Amber and I continue listening to the Excuses Begone! disk, and are fairly impressed. Amber has already decided that her mother wouldn't really like it, because he's kind of "New Age-y" for her. For example, at one point Dyer says, "You are god," as a means of demonstrating how much power you have to influence your own life. Well, for a fundamentalist Christian, that just doesn't fly, so we decided to keep the Wayne Dyer stuff ... and I became quite a fan.
At one point I said to Amber, "My mother should really listen to this."
Well, it turned out she didn't have to. The Wayne Dyer Excuses Begone! special was on PBS, and Mom happened to catch it while flipping through channels. Realizing that it was the show I'd mentioned, she watched it.
What happened next was nothing short of astounding.
Since String Theory for Dummies had come out, I'd occasionally made reference to the fact that I looked forward to the day when I could write full time. Each and every single time this topic came up, my mother immediately pointed out that I'd be foolish to give up a job with such good benefits and pay. (I was making nearly as much after 5 years with the company as she'd made teaching school for 25 years! This isn't a sign of my immense wealth ... it's a sign of how badly teachers are paid.)

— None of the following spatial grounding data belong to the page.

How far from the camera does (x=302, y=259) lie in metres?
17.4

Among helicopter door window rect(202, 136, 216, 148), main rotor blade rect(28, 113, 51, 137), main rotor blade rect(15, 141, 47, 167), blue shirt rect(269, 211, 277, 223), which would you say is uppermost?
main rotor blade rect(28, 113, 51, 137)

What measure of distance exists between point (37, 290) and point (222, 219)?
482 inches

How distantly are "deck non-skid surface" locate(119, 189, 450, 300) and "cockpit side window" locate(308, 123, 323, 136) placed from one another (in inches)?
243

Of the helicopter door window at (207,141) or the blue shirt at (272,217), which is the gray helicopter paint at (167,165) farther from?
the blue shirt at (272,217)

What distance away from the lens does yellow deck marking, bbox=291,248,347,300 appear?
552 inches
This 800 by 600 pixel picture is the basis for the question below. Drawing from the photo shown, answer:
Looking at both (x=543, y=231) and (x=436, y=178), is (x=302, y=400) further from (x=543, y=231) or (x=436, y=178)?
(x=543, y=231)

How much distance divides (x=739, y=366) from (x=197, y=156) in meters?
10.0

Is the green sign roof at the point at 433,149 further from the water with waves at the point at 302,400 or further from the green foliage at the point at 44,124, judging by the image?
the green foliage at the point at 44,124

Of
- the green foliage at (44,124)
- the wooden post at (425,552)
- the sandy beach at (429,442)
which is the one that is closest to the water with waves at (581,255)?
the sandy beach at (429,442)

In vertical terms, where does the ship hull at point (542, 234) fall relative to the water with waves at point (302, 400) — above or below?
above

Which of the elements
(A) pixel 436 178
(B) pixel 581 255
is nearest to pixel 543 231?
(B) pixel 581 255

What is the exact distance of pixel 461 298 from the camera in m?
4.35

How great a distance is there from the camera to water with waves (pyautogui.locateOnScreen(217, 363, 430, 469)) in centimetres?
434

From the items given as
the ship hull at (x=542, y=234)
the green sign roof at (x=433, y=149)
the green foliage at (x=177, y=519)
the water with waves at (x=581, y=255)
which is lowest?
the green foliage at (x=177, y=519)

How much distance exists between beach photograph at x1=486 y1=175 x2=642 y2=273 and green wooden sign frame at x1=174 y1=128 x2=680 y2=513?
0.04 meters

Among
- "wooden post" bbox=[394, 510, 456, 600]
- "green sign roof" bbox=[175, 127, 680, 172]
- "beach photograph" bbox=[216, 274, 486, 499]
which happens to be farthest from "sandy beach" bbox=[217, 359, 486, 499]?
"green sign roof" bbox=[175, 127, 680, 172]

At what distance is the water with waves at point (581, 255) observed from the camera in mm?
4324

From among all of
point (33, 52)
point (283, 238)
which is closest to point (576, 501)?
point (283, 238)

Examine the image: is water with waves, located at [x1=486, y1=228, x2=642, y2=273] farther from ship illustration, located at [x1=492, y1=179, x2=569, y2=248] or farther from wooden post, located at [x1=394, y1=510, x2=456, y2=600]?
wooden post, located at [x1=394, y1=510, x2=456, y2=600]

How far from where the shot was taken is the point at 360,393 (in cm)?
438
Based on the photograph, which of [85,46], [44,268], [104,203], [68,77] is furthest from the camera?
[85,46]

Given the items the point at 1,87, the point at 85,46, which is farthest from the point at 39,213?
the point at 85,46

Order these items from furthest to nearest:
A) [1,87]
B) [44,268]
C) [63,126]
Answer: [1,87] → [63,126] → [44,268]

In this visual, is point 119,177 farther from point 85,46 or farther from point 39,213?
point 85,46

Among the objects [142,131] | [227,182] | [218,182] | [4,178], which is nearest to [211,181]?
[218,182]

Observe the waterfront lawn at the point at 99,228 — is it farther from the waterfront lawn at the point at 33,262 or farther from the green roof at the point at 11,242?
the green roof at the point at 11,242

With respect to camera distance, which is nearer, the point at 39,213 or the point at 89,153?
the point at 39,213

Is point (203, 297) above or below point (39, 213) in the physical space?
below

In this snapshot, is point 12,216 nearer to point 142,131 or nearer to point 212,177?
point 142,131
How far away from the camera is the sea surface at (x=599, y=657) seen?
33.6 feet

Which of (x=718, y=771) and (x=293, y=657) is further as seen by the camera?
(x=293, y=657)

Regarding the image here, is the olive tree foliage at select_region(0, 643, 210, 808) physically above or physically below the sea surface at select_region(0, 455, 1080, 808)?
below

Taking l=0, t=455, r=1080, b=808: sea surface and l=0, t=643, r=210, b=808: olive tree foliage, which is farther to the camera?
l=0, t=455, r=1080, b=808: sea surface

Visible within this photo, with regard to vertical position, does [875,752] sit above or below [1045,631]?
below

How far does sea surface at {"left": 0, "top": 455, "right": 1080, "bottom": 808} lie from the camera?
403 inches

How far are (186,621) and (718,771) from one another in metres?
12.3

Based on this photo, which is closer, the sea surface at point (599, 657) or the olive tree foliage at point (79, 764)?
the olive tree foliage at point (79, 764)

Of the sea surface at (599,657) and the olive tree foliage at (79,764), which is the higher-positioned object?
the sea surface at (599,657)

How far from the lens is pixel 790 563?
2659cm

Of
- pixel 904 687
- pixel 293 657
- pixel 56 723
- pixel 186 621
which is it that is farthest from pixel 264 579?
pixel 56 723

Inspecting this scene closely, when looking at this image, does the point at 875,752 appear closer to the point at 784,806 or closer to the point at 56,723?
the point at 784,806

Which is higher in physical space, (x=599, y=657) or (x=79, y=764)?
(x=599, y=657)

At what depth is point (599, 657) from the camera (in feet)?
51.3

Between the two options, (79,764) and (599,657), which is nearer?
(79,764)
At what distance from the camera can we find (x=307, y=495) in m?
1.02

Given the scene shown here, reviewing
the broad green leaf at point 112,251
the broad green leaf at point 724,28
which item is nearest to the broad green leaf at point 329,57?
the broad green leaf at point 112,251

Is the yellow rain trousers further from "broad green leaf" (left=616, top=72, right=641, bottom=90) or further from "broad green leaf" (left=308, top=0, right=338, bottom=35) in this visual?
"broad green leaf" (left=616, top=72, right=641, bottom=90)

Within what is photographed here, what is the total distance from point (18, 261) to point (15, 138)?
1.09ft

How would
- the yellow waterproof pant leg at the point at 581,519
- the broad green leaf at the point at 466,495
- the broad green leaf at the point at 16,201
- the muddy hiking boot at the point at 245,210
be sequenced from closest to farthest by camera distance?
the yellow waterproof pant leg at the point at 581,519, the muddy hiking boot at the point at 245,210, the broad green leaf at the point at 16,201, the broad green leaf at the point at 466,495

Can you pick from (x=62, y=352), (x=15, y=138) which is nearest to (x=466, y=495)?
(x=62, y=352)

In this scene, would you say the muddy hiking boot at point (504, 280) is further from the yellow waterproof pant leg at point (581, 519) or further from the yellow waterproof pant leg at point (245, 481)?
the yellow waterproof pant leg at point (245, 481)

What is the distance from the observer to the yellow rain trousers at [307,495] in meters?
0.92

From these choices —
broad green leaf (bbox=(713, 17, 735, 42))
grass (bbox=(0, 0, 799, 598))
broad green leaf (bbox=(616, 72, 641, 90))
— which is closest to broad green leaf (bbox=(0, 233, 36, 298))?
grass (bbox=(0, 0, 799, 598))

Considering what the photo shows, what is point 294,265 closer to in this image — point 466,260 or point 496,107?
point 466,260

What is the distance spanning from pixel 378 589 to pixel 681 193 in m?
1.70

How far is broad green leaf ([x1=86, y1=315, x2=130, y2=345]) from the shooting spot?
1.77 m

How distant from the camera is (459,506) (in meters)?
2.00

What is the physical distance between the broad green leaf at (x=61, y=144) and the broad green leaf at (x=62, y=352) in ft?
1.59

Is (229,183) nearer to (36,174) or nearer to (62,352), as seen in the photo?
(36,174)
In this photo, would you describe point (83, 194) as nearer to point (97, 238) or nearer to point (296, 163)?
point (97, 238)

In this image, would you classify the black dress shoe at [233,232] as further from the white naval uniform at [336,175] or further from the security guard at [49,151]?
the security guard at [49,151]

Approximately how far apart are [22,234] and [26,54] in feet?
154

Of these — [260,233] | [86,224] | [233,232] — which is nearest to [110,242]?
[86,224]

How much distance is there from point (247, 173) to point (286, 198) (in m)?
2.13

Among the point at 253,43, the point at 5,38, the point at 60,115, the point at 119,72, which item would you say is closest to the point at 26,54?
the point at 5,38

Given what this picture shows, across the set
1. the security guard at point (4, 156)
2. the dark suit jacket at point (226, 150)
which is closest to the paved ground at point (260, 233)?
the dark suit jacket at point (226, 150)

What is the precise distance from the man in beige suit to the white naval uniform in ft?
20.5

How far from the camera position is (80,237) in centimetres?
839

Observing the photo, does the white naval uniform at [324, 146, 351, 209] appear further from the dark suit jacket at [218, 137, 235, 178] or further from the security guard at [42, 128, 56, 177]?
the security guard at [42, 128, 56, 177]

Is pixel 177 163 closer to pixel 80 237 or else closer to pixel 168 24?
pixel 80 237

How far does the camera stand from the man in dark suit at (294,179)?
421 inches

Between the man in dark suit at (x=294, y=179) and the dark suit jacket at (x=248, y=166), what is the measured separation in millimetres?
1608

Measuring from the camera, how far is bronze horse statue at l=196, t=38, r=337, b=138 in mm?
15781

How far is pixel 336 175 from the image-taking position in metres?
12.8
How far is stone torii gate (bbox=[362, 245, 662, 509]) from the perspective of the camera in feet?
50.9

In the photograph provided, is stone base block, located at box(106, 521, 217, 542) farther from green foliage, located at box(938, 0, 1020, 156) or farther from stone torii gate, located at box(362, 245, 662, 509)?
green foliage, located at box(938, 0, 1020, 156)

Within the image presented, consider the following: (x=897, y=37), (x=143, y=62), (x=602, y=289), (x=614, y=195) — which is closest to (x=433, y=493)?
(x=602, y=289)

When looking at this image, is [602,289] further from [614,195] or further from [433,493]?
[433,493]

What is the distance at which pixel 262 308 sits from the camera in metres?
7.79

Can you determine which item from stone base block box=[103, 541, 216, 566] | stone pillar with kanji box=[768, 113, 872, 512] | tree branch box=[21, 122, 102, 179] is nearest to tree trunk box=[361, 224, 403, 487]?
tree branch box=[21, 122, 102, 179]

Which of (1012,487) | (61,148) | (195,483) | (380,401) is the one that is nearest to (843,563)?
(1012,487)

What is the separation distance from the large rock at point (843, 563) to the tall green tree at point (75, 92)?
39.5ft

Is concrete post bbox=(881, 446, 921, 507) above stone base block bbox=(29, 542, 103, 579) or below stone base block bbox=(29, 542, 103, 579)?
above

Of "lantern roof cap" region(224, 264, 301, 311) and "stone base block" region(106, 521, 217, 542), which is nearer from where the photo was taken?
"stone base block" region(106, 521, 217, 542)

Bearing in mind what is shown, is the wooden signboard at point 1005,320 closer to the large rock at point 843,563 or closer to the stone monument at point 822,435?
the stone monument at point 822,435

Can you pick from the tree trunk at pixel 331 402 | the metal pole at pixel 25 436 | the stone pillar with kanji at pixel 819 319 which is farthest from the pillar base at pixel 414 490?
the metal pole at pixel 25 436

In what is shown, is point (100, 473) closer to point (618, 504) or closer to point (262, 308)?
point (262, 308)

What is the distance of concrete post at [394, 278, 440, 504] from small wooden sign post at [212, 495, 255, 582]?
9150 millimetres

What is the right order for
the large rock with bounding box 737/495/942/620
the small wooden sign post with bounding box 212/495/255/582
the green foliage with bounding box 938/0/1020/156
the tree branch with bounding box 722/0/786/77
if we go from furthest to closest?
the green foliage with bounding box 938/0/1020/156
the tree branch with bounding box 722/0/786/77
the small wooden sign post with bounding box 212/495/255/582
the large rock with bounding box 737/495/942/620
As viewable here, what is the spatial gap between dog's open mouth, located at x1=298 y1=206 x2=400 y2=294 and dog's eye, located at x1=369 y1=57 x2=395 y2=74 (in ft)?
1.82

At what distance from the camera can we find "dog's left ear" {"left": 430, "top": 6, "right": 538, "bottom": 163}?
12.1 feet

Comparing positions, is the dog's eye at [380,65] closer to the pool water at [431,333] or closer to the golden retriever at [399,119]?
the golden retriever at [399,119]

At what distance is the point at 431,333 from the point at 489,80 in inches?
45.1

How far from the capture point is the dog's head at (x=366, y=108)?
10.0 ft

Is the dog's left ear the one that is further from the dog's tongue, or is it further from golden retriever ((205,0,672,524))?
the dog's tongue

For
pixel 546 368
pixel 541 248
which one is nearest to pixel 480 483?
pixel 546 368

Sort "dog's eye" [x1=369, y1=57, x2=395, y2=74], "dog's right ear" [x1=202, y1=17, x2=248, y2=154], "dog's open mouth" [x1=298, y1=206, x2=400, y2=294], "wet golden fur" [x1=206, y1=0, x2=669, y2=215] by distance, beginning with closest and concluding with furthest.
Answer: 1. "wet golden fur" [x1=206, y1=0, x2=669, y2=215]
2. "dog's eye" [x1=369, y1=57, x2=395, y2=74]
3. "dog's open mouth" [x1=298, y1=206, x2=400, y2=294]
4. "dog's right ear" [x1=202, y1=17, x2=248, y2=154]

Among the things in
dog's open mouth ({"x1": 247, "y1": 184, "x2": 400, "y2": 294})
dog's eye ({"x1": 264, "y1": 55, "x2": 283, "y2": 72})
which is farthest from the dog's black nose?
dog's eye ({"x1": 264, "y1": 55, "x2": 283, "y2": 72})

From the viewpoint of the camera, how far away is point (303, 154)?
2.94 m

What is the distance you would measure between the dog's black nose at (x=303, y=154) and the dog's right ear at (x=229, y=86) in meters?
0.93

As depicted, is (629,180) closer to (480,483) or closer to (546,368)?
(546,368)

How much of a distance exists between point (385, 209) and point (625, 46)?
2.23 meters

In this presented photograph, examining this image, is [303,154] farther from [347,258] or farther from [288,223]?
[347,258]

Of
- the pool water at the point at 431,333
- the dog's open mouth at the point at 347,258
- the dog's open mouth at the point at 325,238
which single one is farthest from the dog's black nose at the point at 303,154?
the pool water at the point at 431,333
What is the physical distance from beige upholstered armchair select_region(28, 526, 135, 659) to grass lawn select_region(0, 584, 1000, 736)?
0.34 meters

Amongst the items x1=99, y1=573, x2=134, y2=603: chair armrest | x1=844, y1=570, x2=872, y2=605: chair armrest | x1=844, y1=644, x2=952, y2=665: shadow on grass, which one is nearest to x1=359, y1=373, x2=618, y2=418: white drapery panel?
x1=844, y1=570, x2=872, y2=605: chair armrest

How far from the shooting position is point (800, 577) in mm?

Then, just a few days into the 40 Days of Giving project, I went over to her house. She said, "I saw that Wayne Dyer show, and I wanted to tell you something." She looked me in the eye. "If you ever decide that you want to quit your job to write full time, you won't hear a word of complaint from me."
I was absolutely stunned at this total reversal. For my entire life, Mom had emphasized the importance of having a secure job with benefits. This was the woman who had told me, as a young child, that if I wanted to be a writer, I'd better have a job that could pay the bills.
Something about that PBS self-help show had clicked the tumblers into place for her. And that was just the beginning. I came by her house a week later and noticed some new exercise and diet materials. Within a few days, the change was noticeable: Mom was losing weight.
My mother had, for well over a decade, weighed well over 300 pounds. At her heaviest, she reached 370 pounds. She'd moved up to be near us in the fall and had put some weight on since then. Now it was coming off ... and coming off quickly. When she went to the doctor about two weeks into the 40 Days of Giving project ... and she was twenty pounds lighter than when she'd moved. We estimate that, in just two weeks on her diet, she'd lost nearly 30 pounds.
And she has, since then, continued to lose weight ... although it has, thankfully, leveled off. (We don't want the poor woman to waste away.)
Just today, in fact, she reclaimed some property from me because of how much she'd lost. When we'd gone to Florida this summer, she'd bought me a "Grumpy Gator" t-shirt. She'd wanted one, but the largest size they had was XL, which she hadn't fit into. She bought it for me with the understanding that when she lost the weight to fit into it, she could have it back. Neither of us honestly expected that I'd have to fork it over.
I've never been happier to give up anything in my life.
And this all started with a show on PBS that convinced her she didn't have to just accept the excuses she'd been using for so many years ... so giving some money to them is, I figure, well worth it.